As reported by the Corrugated Packaging Council, the main association of the corrugated converting industry, the corrugated boxes converting industry segment is a $19 billion per year industry. That is the largest segment of the entire packaging industry. The State of the Industry report published in the March 1998 issue of Package Printing and Converting Magazine reports that, currently, the value of production for the North American folding carton-converting segment is about $6.8 billion. Added to this is an estimated $8 billion for the tags and labels segment. Those three segments of the converting industry constitute a $33.8 billion per year market, which is supported by the steel rule die making industry.
Small companies dominate the die-cutting and die-making industry. For generations they have been producing steel rule dies with methods that demand a high degree of craftsmanship and labor intensive operations.
Dies are called “steel rule dies” because the cutting and creasing blades resemble in height and thickness the width and thickness of steel rules. The following description details how steel rule dies are currently manufactured.

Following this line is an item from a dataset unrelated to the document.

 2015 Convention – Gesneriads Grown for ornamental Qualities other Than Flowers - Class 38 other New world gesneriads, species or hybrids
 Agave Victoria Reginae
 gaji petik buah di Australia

Sharpened and flat steel rule blades are bent and formed into a cutting and creasing pattern. The blades are held in position in a plywood, plastic, or metal die board. The die board is laser-grooved to accept and support the blades. In an operation called “knifing,” a skilled die maker manually inserts and secures the backs of thin pre-bent blades into the grooved die board. Sharp edge blades are used for cutting; creasing blades have rounded edges. The die maker then manually adjusts the height of the cutting and creasing blades by means of shims placed between the press and the back of the grooved die board holding the blades. The skilled die maker drives the die blades into the grooves in the die board by striking the sharpened cutting edges and rounded creasing edges with a plastic mallet. The die and the material to be cut are then placed in a press for the cutting operation.
With the increased automation on the converter's side of the business, the demands for die accuracy and performance have been steadily increasing during the last two decades. Customer's demands for greater die accuracy and performance are escalating. Those demands have forced many die-makers to purchase $350,000 groove-making laser systems and $120,000 automatic steel rule die bending machines to improve die accuracy and quality.

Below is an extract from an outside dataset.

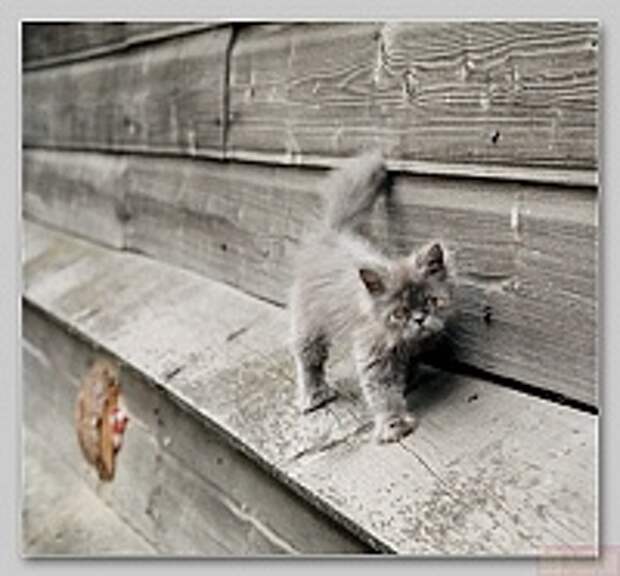 Кошки и Котята 81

A finished die made with existing manufacturing methods requires labor intensive work, brings about slow customer delivery, and causes equipment down time due to loose rules falling out of the die board and consequent die re-ruling.

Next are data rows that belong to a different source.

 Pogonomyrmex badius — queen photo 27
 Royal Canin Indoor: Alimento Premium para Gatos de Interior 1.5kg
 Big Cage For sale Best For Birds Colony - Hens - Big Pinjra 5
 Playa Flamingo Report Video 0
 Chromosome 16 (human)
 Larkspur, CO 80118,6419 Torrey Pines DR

The main labor-intensive operations, such as the knifing of the die board and the knife's height adjustment, are main contributors to increased die cost and slow customer delivery. For example, out of a total of forty-two (42) hours required for production of a benchmark die for fifty-two cigarette cartons, thirty (30) hours are spent on manual operations.
Therefore, a need exists for a more efficient and inexpensive method of producing steel rule dies. A need also exists, therefore, for a 3-Dimensional model rapid manufacturing method capable of generating 3-Dimensional models on flat and/or curved surfaces as a cylindrical or more complex 3-D surface used for a steel rule die base. The method may also generate corrugated structures, which may be used for speeding up steel rule build up. A need also exists for higher quality dies that are produced in shorter time frames and at reduced costs.
SUMMARY OF THE INVENTION
The improvements are achieved with the following additions to a basic solid feedstock deposition process described in U.S. Pat. No. 5,578,227 and application Ser. No. 08/755,214, which are hereby incorporated by reference.
An improvement is the addition of a means for continuous relative positioning of the feedstock deposition head and/or base so that feedstock is tangent to a base at the point of laser beam impeachment with the surface.
Other improvements are the provision of special feedstocks and the addition of V-shaped and rounded edges in feedstocks, which allow for the production of cutting and creasing blades used in steel rule die making, with or without additional milling or sharpening operations.
New steel rule die systems, processes, apparatus, and manufactured dies and feedstocks are presented by this invention.
A steel rule die is a cutting tool similar in form and function to a cookie cutter. There is an immediate opportunity to enter that market as an original equipment manufacturer (OEM) supplier of revolutionary steel rule die-making machines, process, and products.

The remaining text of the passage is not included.